Broker tips: Rio Tinto, Trainline, Hargreaves Lansdown

(Sharecast News) - Analysts at Berenberg downgraded their rating on shares of Rio Tinto from 'hold' to 'sell', telling clients that they believed there was more downside in the shares. The first major negative catalyst would be the miner's first half results on 27 July, they said, due to higher costs at its iron ore and aluminium units.

That was despite its shares having sold-off with the broader sector, having fallen by 16% since the start of June while the Stoxx 600 Basic Resources gauge had dropped 20%.

Their estimates for Rio Tinto's earnings per share were 13% below consensus for the front half of the year and surprise to the downside on the day.

"A precursor to this will be the Q2 operating review on 15 July, which, while likely better than Q1, is still set to bear the marks of challenging operating conditions, particularly in Australia."

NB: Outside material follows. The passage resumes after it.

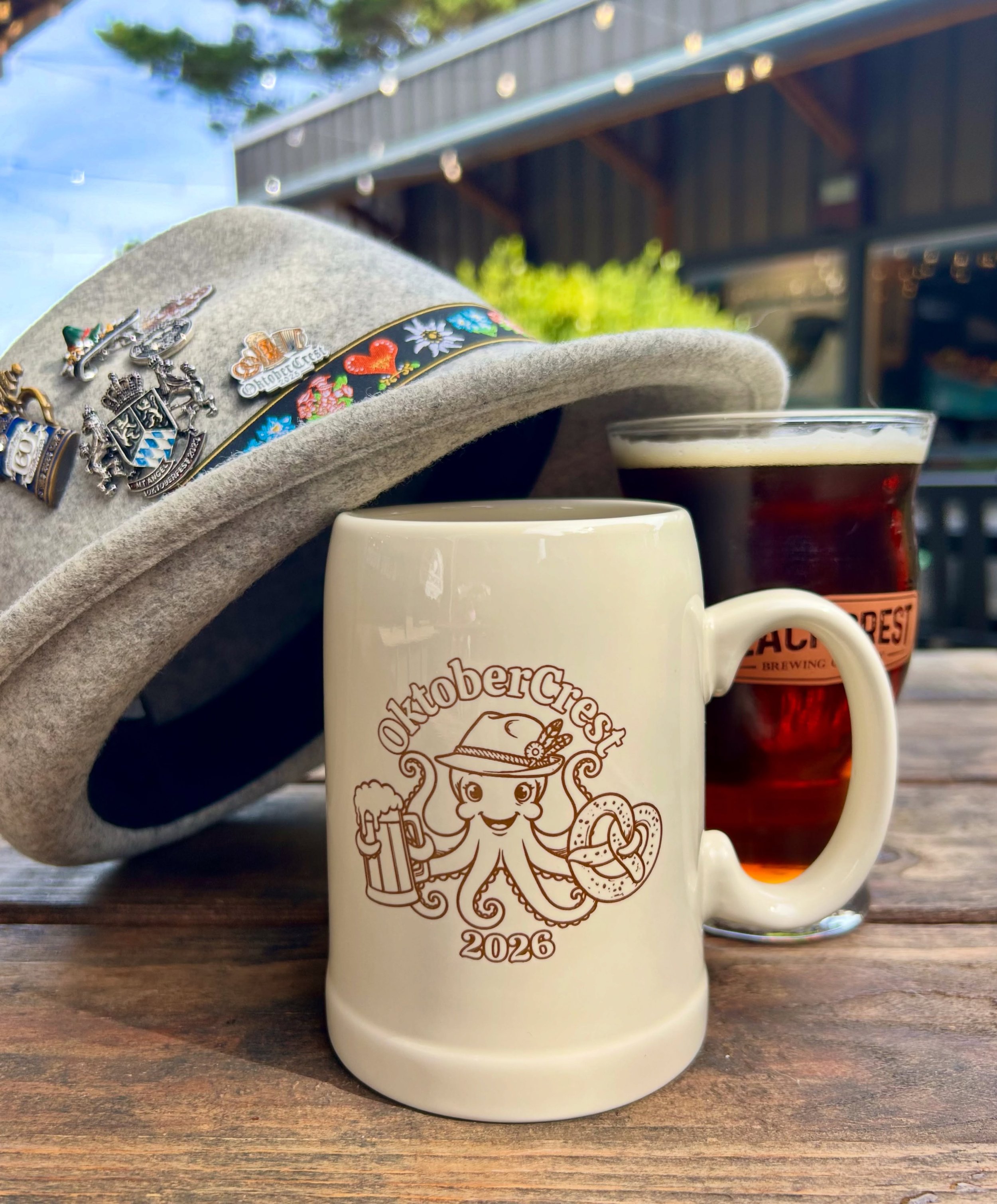 OktoberCrest beers available today, Friday, September 25th!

In the the same report they also slashed their target price from 6,500.0p to 4,200.0p.

Commenting on wider sector, the analyst said: "The mining sector's weakness has been exacerbated by the weak historical performance of industrial metals during recessionary periods.

"We think the summer period will offer limited positive news, with the recession narrative likely to take hold, and China, which tends to be the key driver of positive sentiment in the mining sector given its dominance in terms of demand for raw materials, is unlikely to materially fire into action until later this year, again offering limited commodity price support over the summer months."

Liberum upped its price target on Trainline on Thursday following the company's trading update and increased guidance a day earlier.

The broker, which rates the shares at 'buy', said Trainline's first four months of trading have performed ahead of expectations, with net ticket sales up 16% versus FY20 levels.

"Trainline provided updated FY23E guidance which at the midpoint points to circa 20% and 30% upgrades to consensus revenue and adjusted EBITDA," it said. "We have upgraded our FY23E forecasts by 15% and 26% respectively."

Liberum noted that Trainline shares closed up 21% on Wednesday.

"Following yesterday's share price move and our change in forecasts Trainline's shares are trading on CY22E EV/Sales of 5.4x.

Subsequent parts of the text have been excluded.